Do I care about getting duplicate packets?
- Modern sniffers have dedupe functionality so do I really care about getting duplicate packets? Yes! The sniffers do not dedupe the hard pcap data and duplicate packets add additional load.
Where should I install and configure my sniffer?
–This is the big question. You can install at many points in your network. I’ll go over a few, sans the matrix switch implementation.
Install at your core and SPAN Vlans
Here I’ve installed a sniffer in the core (or aggregation). I have configured two 10Gig uplink, one from each core switch, to terminate on the sniffer. These are the monitor/span/mirror ports. In the core switches’ configuration I’ve configured a SPAN session and selected the Vlan traffic that I want to view. I’ll select RX only so as not to receive duplicate packets. This is an easy configuration but the core switches have limitations on how many Vlans can be added to a monitor session. The limit is only 32 in Nexus.
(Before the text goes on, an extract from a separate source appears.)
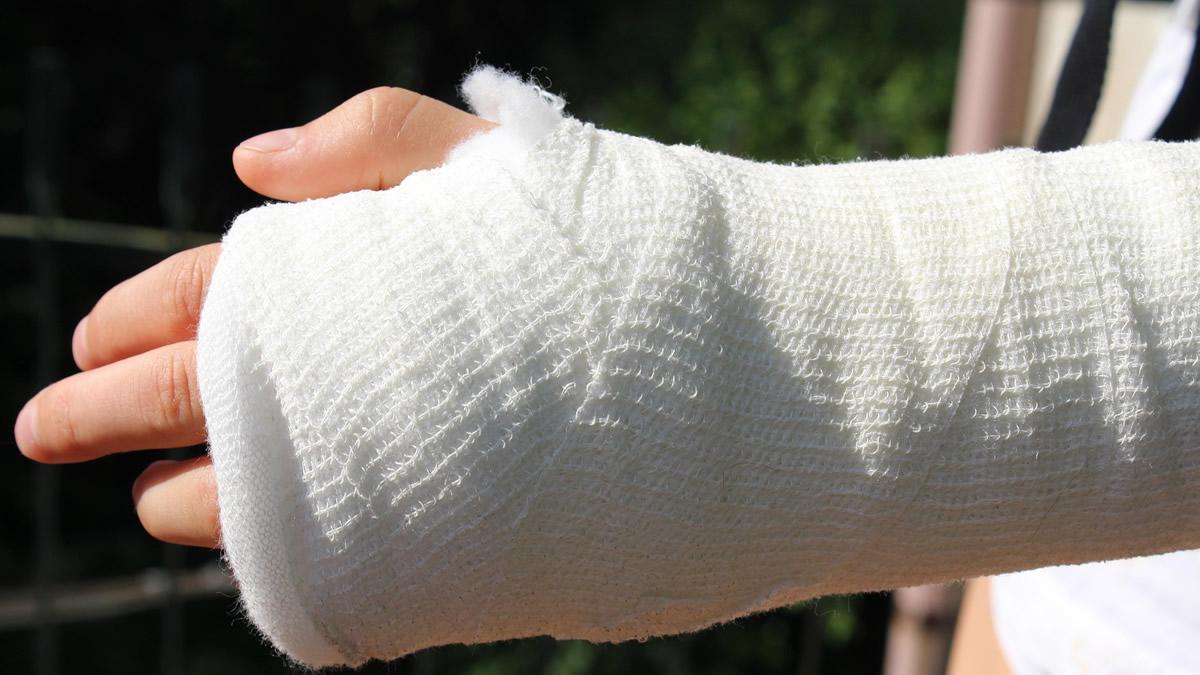 Persoa cun brazo enxesado | Foto: Pixabay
Here I’ll configure all uplinks to the WAN routers as my SPAN source and select both RX and TX. This will give me a picture of all traffic into and out of my data center but will not give me a picture of intra-data center traffic ie server to server traffic. The limitation in Nexus on the number of physical source interfaces is 128. This method saves disk space but does not let help troubleshooting internal data center issues.
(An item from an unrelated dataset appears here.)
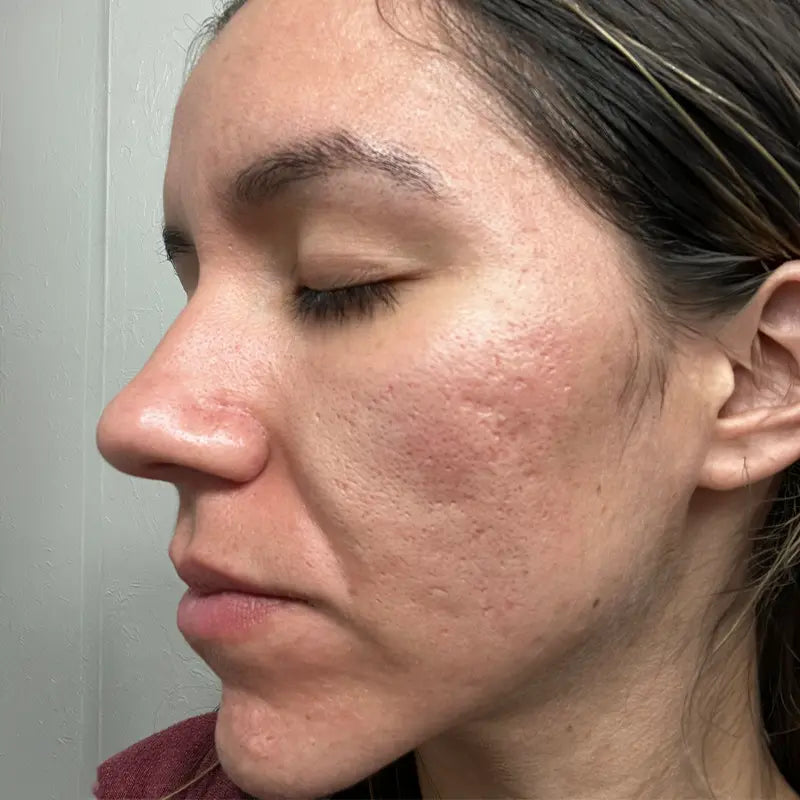 Skin after four to six weeks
Here I’ve configure my LAN and WAN facing uplinks as my SPAN source and I’ll select RX only. I do not SPAN my inter-chassis uplinks so as not to receive duplicate packets. This implementation will give me traffic insight into ALL of my datacenter traffic (except for packets originating at the core). I’ve found this to be the best model giving me view into everything. I’ve also found that this oversubscribes the ARX pretty quickly and so I filter, within my SPAN session, replication Vlans and Tape backup Vlans. This model has been good enough for most data centers I’ve supported (less than ~100 server racks) but the device becomes oversubscribed after ~100 racks even with no replication or backups. I then have to just say screw it and be oversubscribed, remove interesting traffic from my capture and hope for the best, or use a matrix switch.
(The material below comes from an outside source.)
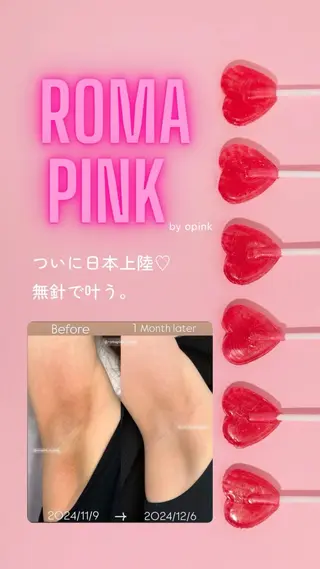 Monreve所属・美人スイッチdiet スーパージェクションのその他イメージ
Recently Nexus has came out with hardware ACL capture. This allows for an IP access-list to be applied to an interface for a SPAN session. I’ve not used this yet but it looks promising (and looks totally buggy). It also turns off ACL logging so I do not really know if this is something I can use.
Do not forget about your data center services
You’re bound to have firewalls, load balancers, and other services in your data center. Make sure you span, RX only, to those as well as these data paths are always of interest. Not spanning here can potentially provide you with a unidirectional data cap.
Finally I’ll leave off with a gripe. I often have users who have issues with webpages. All webpages these days are encrypted. That means that the pcap data stored on the sniffer is more or less useless for above L4 analysis. This is also true with Microsoft Lync in which all SIP sessions are encrypted. For that reason I think that SSL acceleration should not be done on the load balancer, server, or WAAS. I feel that we should be given an option to terminate SSL, and other encryption methodologies, on the sniffer! Then the all traffic for pcap data would be unencrypted and the voice and http modules would actually WORK!
I’m probably crazy suggesting such a thing but I could see how this could be so helpful to some troubleshooting I’ve done in the past.